The role of corporate board director can be highly desirable. To many it represents the capstone of a career and the ultimate confirmation of achievement and success. We all know that one typically does not become a board director until we have achieved a certain level of accomplishment, esteem and wisdom. And it is precisely because of this track record of accomplishment and notoriety that directors and potential directors must be aware that the role is not without its own set of risks.

Interestingly, and particularly with individuals new to the world of corporate governance, the risks of the role are scantily considered. It seems that the goal of being a director and the perceived esteem of the role is so strong that it often causes otherwise rational and analytical individuals to forget caution.

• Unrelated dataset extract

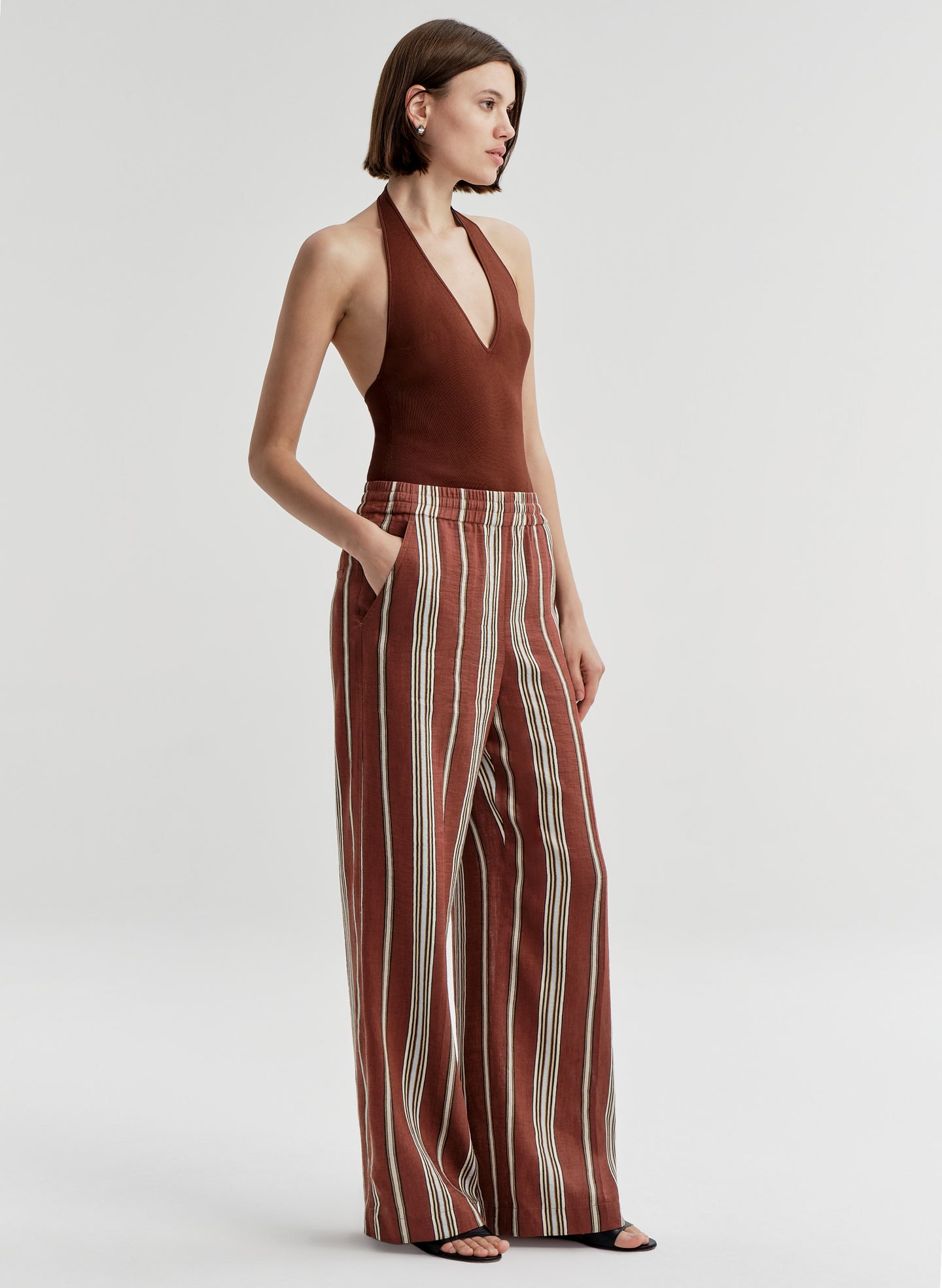 Woman wearing a brown halter top and striped pants on a light gray background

But caution and care are exactly what is necessary. Here is a sampling of some of the risks associated with being a board director:

Reputational Risk

As mentioned previously, one becomes a board director in the later stages of your career. Implicit in this is at least a moderate level of success and importantly, and in order to get there, an untarnished career path and accordant reputation. Joining the wrong board can change this in a heartbeat. For example, the recent debacle at Equifax most affected the 143 million people whose records were breached. However, another consequence is that the CEO is gone and there are infinite questions about what the board could have and should have done. There are dozens of lawsuits and the effects will linger for years.

Even directors on boards as large and previously distinguished as General Electric are not immune. CNBC’s Jim Cramer recently stated that “GE’s whole board of directors should go on the Wall of Shame.”

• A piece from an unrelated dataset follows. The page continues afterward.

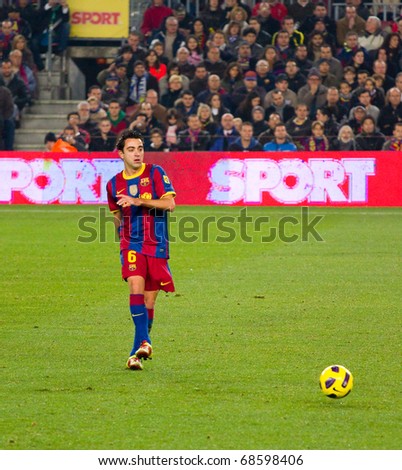 BARCELONA - DECEMBER 13: Nou Camp stadium, Spanish Soccer League match: FC Barcelona - Real Sociedad, 5 - 0. In the picture, Xavi Hernandez in action. December 13, 2010 in Barcelona (Spain).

While these directors may recover and some may even stay on these boards, they will be tainted by these episodes in ways that could never be fully anticipated.

Legal Risk

Directors do occasionally get sued. For example, in 2017 the Directors of United Continental Holdings were sued by a pension fund for granting a $37 million severance package to the company’s former Chief Executive Officer. A shareholder sued Yahoo!’s Directors for delaying the disclosure of the massive data breaches that the company suffered. And, investors are suing the board of Wells Fargo over the fake accounts scandal of recent past.

Some mitigation of this risk comes from the business judgement rule which is the legal principle that states and assumes that directors will exercise their best judgement when acting on behalf of the corporation. D&O (Directors & Officers) insurance can also provide some amnesty. As such it is important to understand what a particular company’s policy looks like and what exactly it covers. Nevertheless, while the tangible consequences of a lawsuit can be perhaps partially tempered, the risks to character and status are harder to quantify.

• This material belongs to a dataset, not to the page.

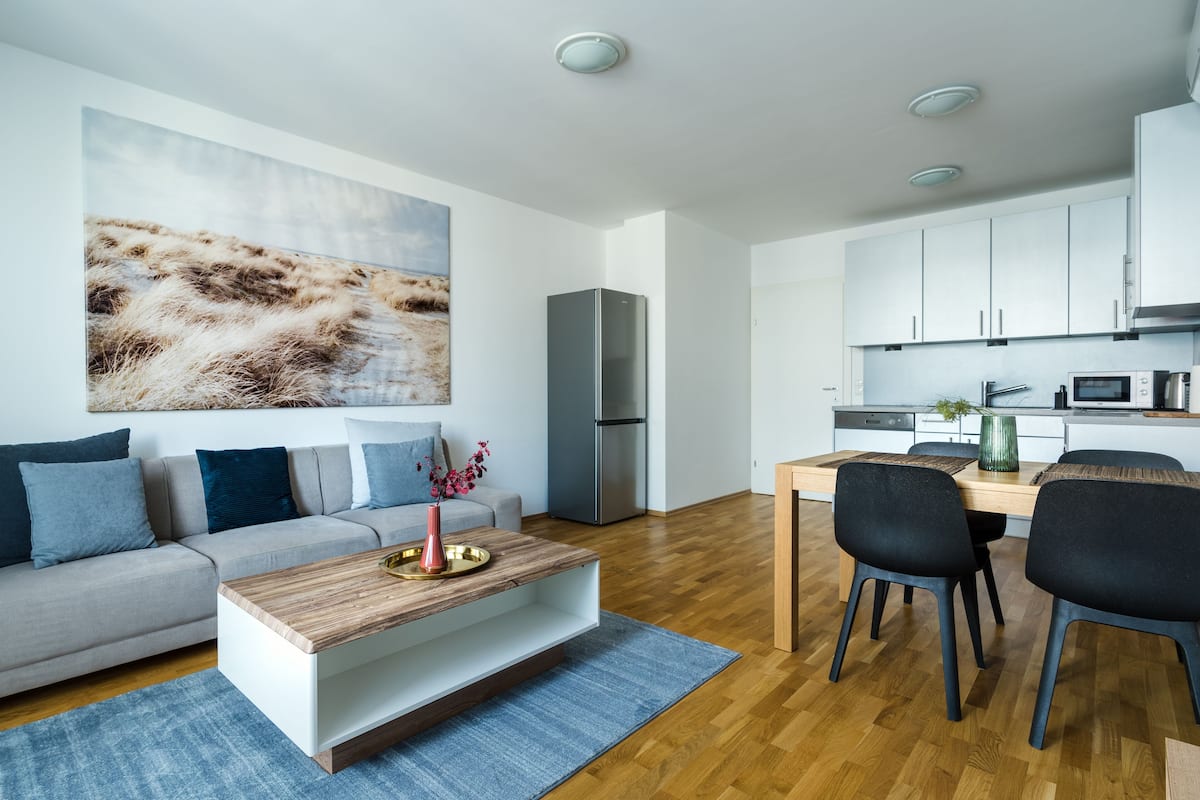 A modern living room with a sofa, coffee table, and artwork.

“What if the board and the experience is not what you had anticipated it to be? Perhaps it is simply a ceremonial board that doesn’t do much more than agree with whatever the Chief Executive Officer suggests? Perhaps there is no debate, deliberation, intellectual curiosity. Conceivably the other Directors may be simply disinterested, or disenchanted.”

Risk of Disappointment

What if the board and the experience is not what you had anticipated it to be? Perhaps it is simply a ceremonial board that doesn’t do much more than agree with whatever the Chief Executive Officer suggests? Perhaps there is no debate, deliberation, intellectual curiosity. Conceivably the other Directors may be simply disinterested, or disenchanted. All of this can and unfortunately does happen. The inexperienced director may come to believe that all boards function like this but those that have seen a productive board can perhaps agitate for improvement. Nevertheless, this is a risk and perhaps one that is not often discussed.

There are certainly other risks associated with being a board director but on the other hand the experience can be unequivocally positive and without risk. The key is thorough and perhaps even lengthy due diligence that should include meetings with all board members and as many on the executive team as appropriate and possible. Speaking to clients, suppliers and employees can also be helpful as well as an examination of financial documents and any outstanding legal proceedings. There is more that can be done to mitigate risk but that is beyond the scope of this article. Suffice it to say that a clear, composed and methodical evaluation of any board opportunity is essential, even if it feels like a dream come true.